Processes Towards Sedimentation around a Reed Island in a Shallow Lake

Abstract

There are many studies on the hydromorphological impacts of emergent aquatic vegetation, but many of these focus on gravity-driven flows in riverine or tidal environments. However, an added effect of emergent vegetation in lakes is that it reduces the main external force (wind) significantly and in a spatially coherent way. We performed long Monte Carlo simulations using a 2D hydrodynamic model and a spectral wind wave model to study resuspension dynamics around a 100-m-wide reed island in southern Lake Fertő/Neusiedl.

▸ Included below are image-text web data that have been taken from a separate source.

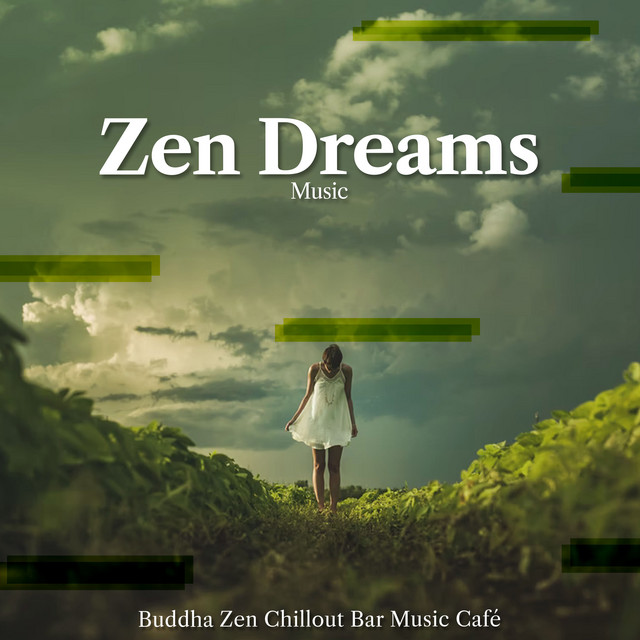 Zen Dreams Music - Album by Buddha Zen Chillout Bar Music Café | Spotify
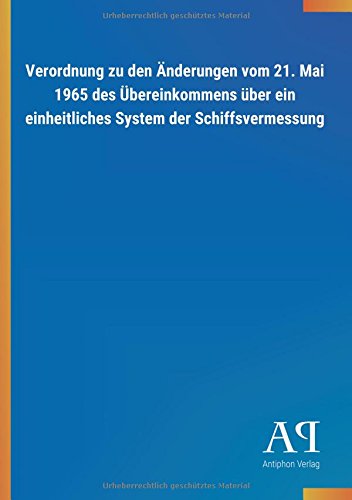 Verordnung zu den Änderungen vom 21. Mai 1965 des Übereinkommens über ein einheitliches System der Schiffsvermessung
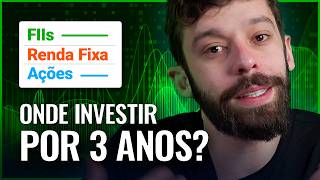 ONDE INVESTIR QUAL É O MELHOR ATIVO PARA INVESTIR POR 3 ANOS [upl. by Sheehan606]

Wave-current interaction, computed in a post-processing step, was found to enhance maximum bed shear stresses only on the leeward side of the reed island, and even there to a small extent. We have found evidence that the present bed topography is close to an equilibrium where simulated combined wave-current shear stresses have a reasonably uniform exceedance probability over the critical shear stress of the bed sediment. We also found that an artificially flattened lakebed around the reed island would start evolving towards the present bed topography and grain size distribution (both of which were surveyed in the field). Despite the limitations of our modelling framework, our results illustrate the importance of how wind climate is translated to an uneven distribution of sediment entrainment around the reed island, explaining tendencies of sediment accumulation and sorting. Our results lead to a better understanding of the complicated processes involving interaction among wind, vegetation, circulation, wind waves, sediment and bathymetry.